Mercredi soir, la presse, dont la spécialisée en design, a fait le tour d'une sélection de quelques perles extraordinaires explorant une thématique questionnante: Les Archipels de la fragilité. On va de surprise en fascination pour ces univers étranges entremêlant avec génie les fibres artistiques, numériques et créatives.
Dans le fond de la galerie du Beffroi, Rosalie Dumont Gagné a suspendu des méduses en plastique gonflées comme des ballons. «Quand des intrus entrent dans leur univers, regardez comme elles réagissent et prennent une couleur. Elles sont perturbées.» L'artiste concède que ses créatures, géantes et suspendues, ont quelque chose d'Alien.

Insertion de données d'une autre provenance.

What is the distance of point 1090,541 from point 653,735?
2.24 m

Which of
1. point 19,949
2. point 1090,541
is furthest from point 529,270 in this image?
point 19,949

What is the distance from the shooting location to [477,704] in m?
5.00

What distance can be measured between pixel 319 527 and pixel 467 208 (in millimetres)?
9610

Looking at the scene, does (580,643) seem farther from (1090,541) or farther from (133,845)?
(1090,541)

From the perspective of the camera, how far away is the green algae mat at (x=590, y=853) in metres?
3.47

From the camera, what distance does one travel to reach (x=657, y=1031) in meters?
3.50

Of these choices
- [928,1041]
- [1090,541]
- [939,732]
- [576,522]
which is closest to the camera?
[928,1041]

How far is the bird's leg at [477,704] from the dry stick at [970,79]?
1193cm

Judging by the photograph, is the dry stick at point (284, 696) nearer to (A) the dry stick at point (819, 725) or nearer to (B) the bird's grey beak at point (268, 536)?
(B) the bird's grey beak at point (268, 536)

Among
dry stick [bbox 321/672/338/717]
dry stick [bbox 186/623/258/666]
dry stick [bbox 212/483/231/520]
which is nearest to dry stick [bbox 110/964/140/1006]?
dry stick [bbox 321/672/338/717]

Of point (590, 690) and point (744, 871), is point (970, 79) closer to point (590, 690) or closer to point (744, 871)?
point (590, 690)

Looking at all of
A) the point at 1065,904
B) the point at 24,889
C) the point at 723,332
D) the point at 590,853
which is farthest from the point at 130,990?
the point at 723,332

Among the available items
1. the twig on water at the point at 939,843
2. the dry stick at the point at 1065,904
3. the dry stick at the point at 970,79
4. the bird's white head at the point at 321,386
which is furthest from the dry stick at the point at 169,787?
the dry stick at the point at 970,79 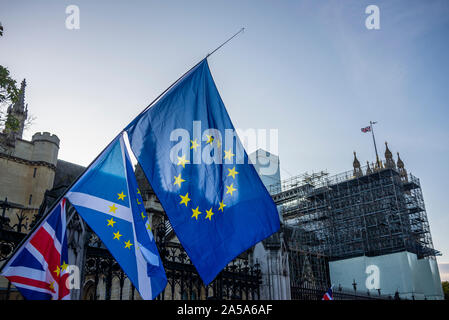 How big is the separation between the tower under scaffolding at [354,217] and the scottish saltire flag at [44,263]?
124 ft

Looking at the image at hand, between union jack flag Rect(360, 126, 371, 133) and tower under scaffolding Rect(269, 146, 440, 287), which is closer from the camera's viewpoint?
tower under scaffolding Rect(269, 146, 440, 287)

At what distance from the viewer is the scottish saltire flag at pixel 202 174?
233 inches

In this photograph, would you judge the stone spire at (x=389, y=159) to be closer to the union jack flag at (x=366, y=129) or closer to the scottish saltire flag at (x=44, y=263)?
the union jack flag at (x=366, y=129)

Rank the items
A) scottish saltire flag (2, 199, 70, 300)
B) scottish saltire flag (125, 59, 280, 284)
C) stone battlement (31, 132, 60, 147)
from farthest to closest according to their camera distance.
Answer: stone battlement (31, 132, 60, 147) < scottish saltire flag (125, 59, 280, 284) < scottish saltire flag (2, 199, 70, 300)

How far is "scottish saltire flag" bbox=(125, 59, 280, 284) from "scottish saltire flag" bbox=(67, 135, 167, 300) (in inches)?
15.4

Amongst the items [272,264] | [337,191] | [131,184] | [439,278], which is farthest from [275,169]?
[131,184]

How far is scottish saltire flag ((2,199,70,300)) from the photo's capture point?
15.0ft

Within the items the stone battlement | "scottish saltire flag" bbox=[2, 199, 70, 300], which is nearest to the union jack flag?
the stone battlement

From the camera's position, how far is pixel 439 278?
4578 centimetres

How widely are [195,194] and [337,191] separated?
4628 cm

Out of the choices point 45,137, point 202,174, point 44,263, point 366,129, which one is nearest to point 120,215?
point 44,263

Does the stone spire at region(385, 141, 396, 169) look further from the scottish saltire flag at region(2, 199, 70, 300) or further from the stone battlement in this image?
the scottish saltire flag at region(2, 199, 70, 300)

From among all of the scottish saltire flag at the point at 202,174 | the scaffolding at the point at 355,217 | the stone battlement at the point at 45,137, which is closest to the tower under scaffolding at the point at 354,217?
the scaffolding at the point at 355,217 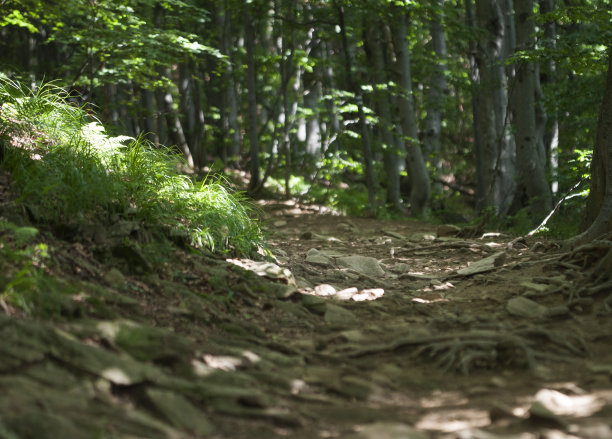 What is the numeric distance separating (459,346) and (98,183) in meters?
3.22

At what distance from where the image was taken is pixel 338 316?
177 inches

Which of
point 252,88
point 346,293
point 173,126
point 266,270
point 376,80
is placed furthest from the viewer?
point 173,126

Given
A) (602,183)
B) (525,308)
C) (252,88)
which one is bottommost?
(525,308)

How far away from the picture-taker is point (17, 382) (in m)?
2.29

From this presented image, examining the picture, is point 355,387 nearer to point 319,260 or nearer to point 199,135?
point 319,260

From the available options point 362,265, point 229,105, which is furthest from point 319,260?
point 229,105

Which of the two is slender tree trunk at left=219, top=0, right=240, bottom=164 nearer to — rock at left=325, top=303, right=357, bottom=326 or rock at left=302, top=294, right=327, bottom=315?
rock at left=302, top=294, right=327, bottom=315

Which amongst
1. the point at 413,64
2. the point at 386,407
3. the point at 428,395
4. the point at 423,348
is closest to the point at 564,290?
the point at 423,348

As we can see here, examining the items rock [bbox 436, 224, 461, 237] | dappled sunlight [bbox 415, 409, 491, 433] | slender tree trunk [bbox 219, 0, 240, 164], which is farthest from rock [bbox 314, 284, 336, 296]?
slender tree trunk [bbox 219, 0, 240, 164]

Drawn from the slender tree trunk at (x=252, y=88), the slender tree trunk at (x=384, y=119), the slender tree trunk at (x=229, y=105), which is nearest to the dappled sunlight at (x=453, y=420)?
the slender tree trunk at (x=384, y=119)

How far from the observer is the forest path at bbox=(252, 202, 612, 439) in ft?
8.78

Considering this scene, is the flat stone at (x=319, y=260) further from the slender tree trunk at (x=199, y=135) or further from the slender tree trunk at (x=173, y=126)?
the slender tree trunk at (x=199, y=135)

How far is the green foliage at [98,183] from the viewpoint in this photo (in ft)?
14.3

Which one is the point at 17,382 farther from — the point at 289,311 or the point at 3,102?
the point at 3,102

Le nouveau Delta, au rez-de-chaussée, présente l’AfriKIKK, fruit d’une collaboration avec les commissaires Delphine Buysse et Marion Louisgrand Sylla de Ker Thiossane. La première est Namuroise. Toutes deux vivent à Dakar. Inédit: neuf artistes du continent africain, ou de la diaspora, exposent dans l’espace urbain. Quelques-uns travaillent par exemple sur la thématique des déchets électroniques, dont l’Afrique est vue par certains comme la poubelle.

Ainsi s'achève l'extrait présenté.